— Problem to solve —
Every entry below should appear in the answer exactly as written, apart from the pictures.
━━━━━ Records provided ━━━━━
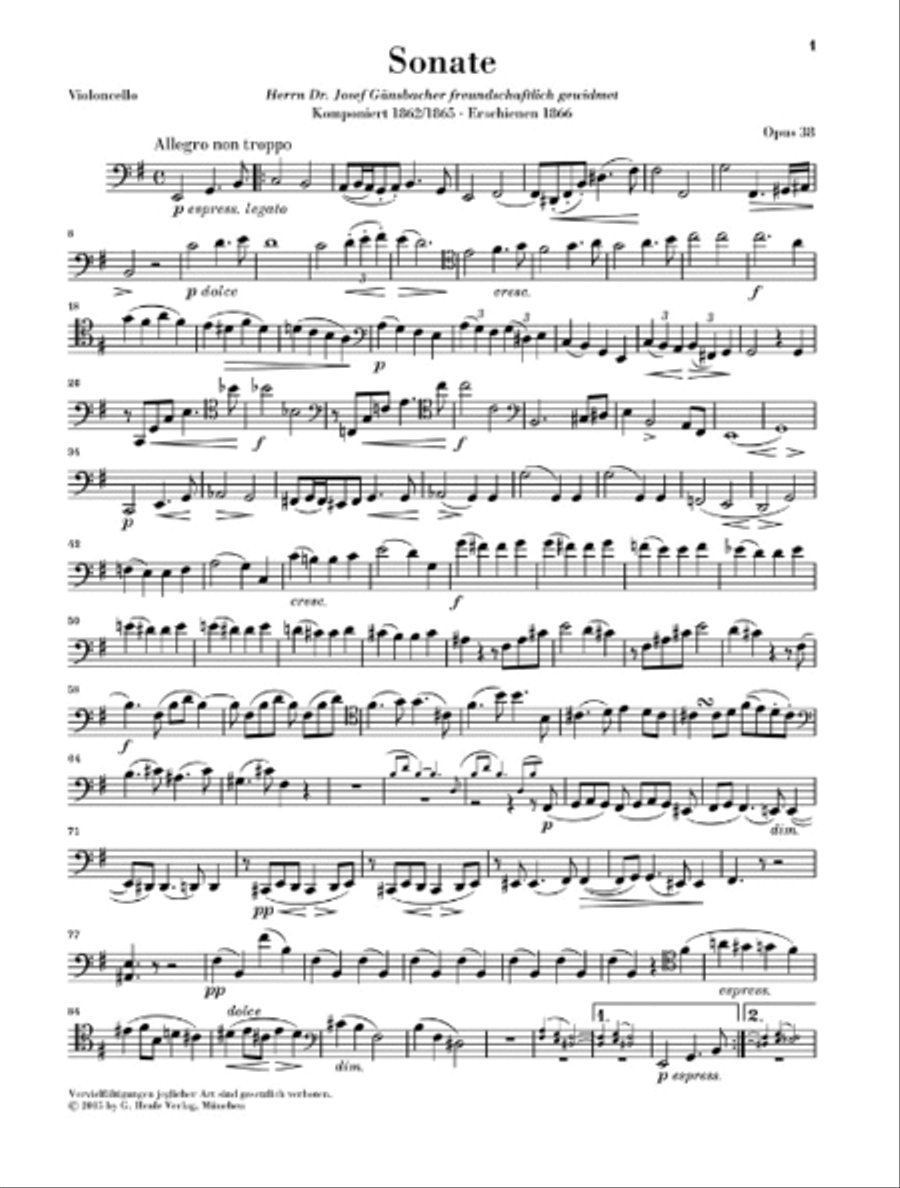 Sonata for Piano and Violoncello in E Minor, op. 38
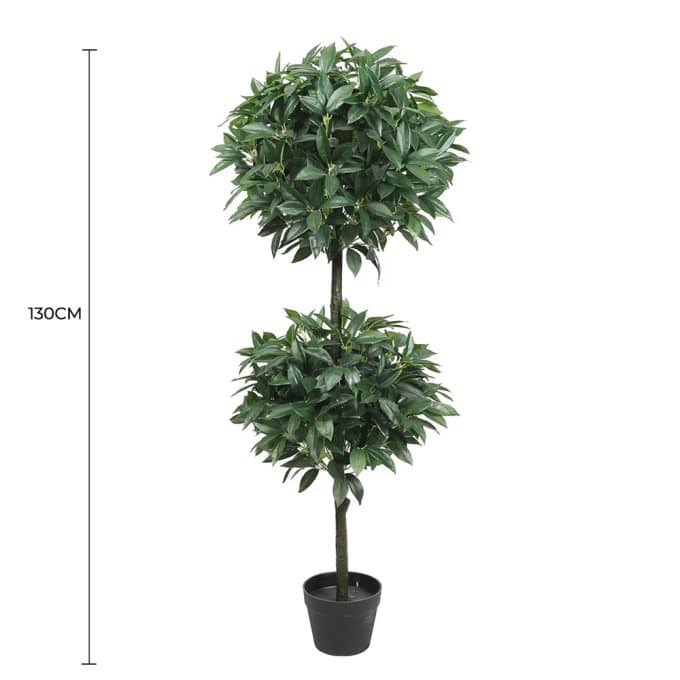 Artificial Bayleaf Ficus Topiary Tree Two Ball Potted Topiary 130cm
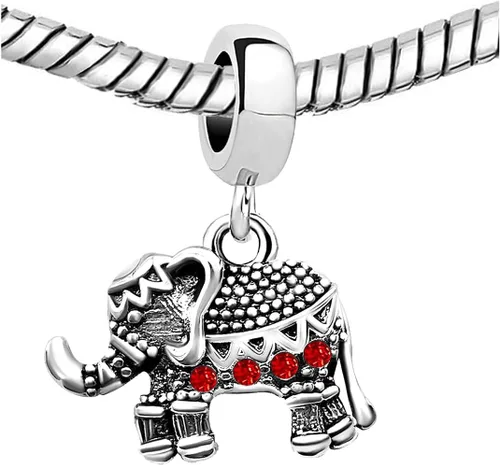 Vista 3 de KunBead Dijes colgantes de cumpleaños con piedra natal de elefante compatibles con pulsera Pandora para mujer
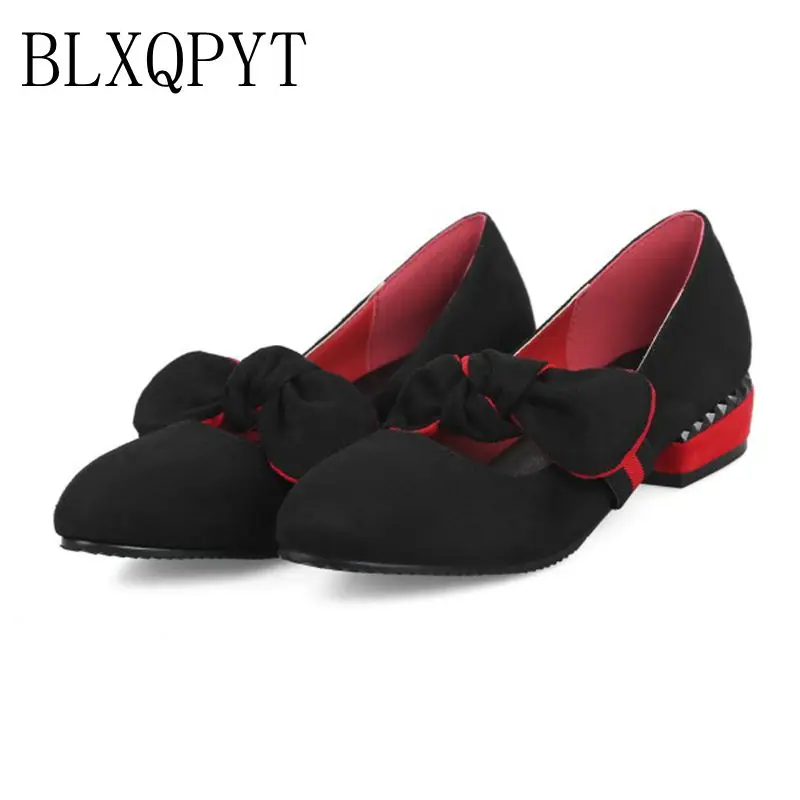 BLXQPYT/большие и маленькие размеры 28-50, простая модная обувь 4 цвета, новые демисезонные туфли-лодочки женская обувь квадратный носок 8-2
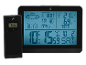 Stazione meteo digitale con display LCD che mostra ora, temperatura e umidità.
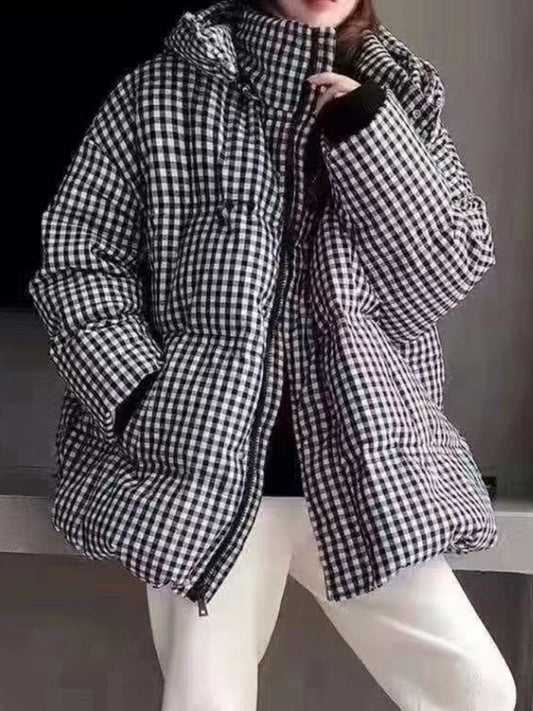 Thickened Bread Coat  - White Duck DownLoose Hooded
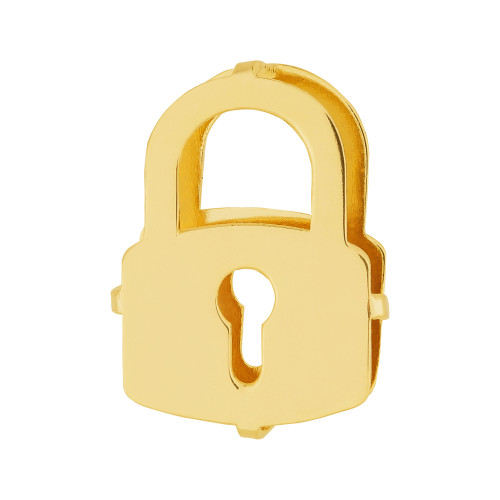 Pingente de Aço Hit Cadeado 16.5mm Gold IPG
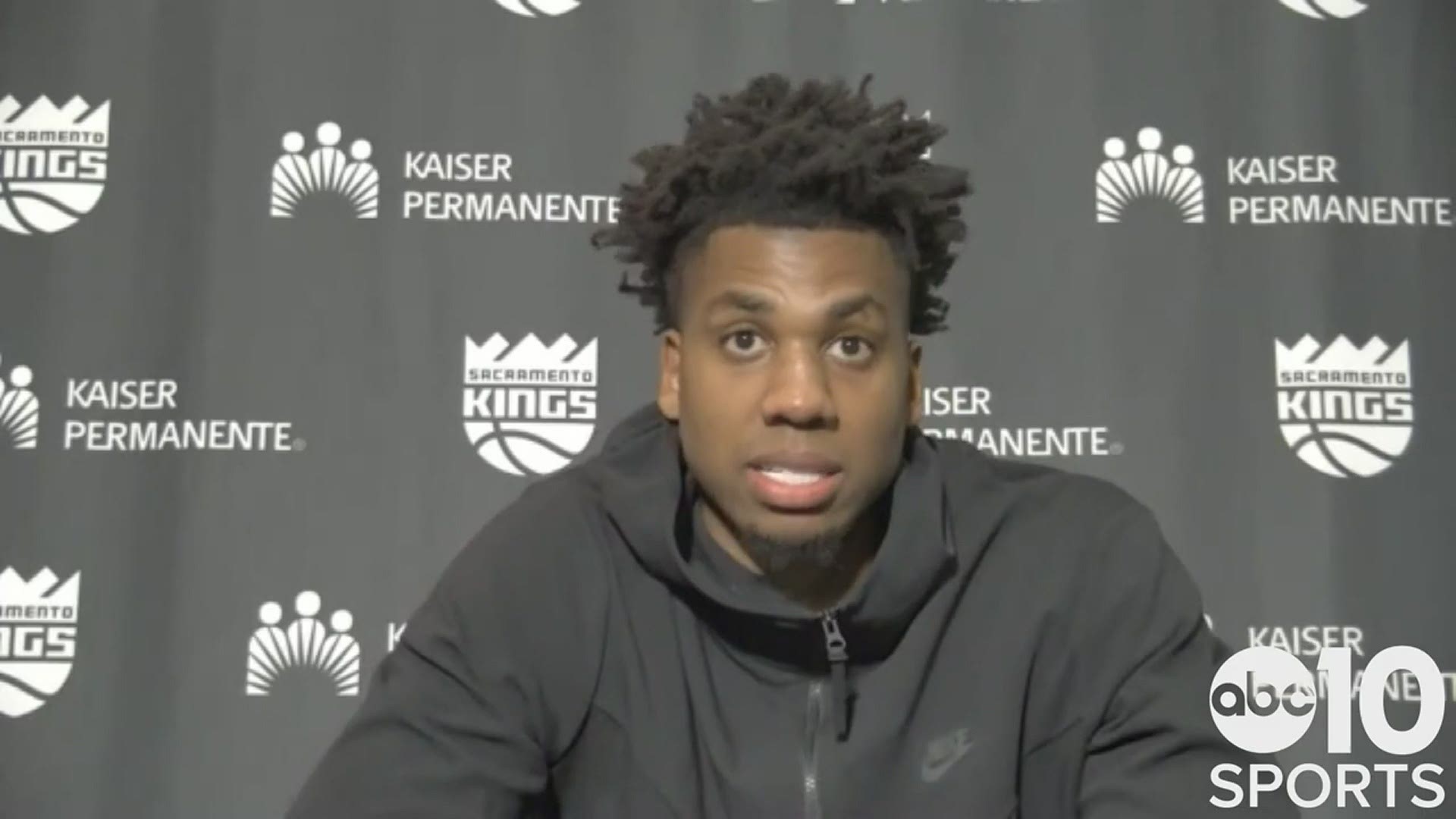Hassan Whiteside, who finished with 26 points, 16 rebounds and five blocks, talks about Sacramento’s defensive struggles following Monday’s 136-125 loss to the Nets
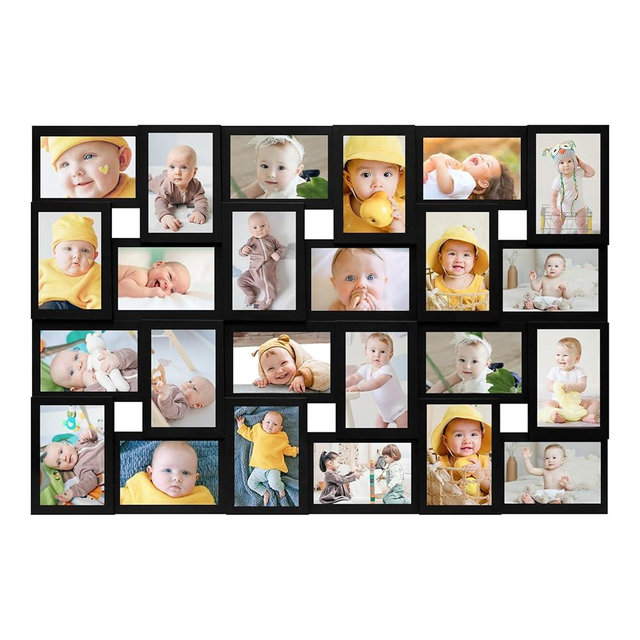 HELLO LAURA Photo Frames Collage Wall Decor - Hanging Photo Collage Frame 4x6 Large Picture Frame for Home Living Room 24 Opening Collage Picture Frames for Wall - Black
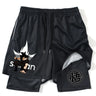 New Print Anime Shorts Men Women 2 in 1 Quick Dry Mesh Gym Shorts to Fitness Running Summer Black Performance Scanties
━━━━━
— Output of the exercise —
 Sonata for Piano and Violoncello in E Minor, op. 38
 Artificial Bayleaf Ficus Topiary Tree Two Ball Potted Topiary 130cm
 Vista 3 de KunBead Dijes colgantes de cumpleaños con piedra natal de elefante compatibles con pulsera Pandora para mujer
 BLXQPYT/большие и маленькие размеры 28-50, простая модная обувь 4 цвета, новые демисезонные туфли-лодочки женская обувь квадратный носок 8-2
 Stazione meteo digitale con display LCD che mostra ora, temperatura e umidità.
 Thickened Bread Coat  - White Duck DownLoose Hooded
 Pingente de Aço Hit Cadeado 16.5mm Gold IPG
Hassan Whiteside, who finished with 26 points, 16 rebounds and five blocks, talks about Sacramento’s defensive struggles following Monday’s 136-125 loss to the Nets
 HELLO LAURA Photo Frames Collage Wall Decor - Hanging Photo Collage Frame 4x6 Large Picture Frame for Home Living Room 24 Opening Collage Picture Frames for Wall - Black
 New Print Anime Shorts Men Women 2 in 1 Quick Dry Mesh Gym Shorts to Fitness Running Summer Black Performance Scanties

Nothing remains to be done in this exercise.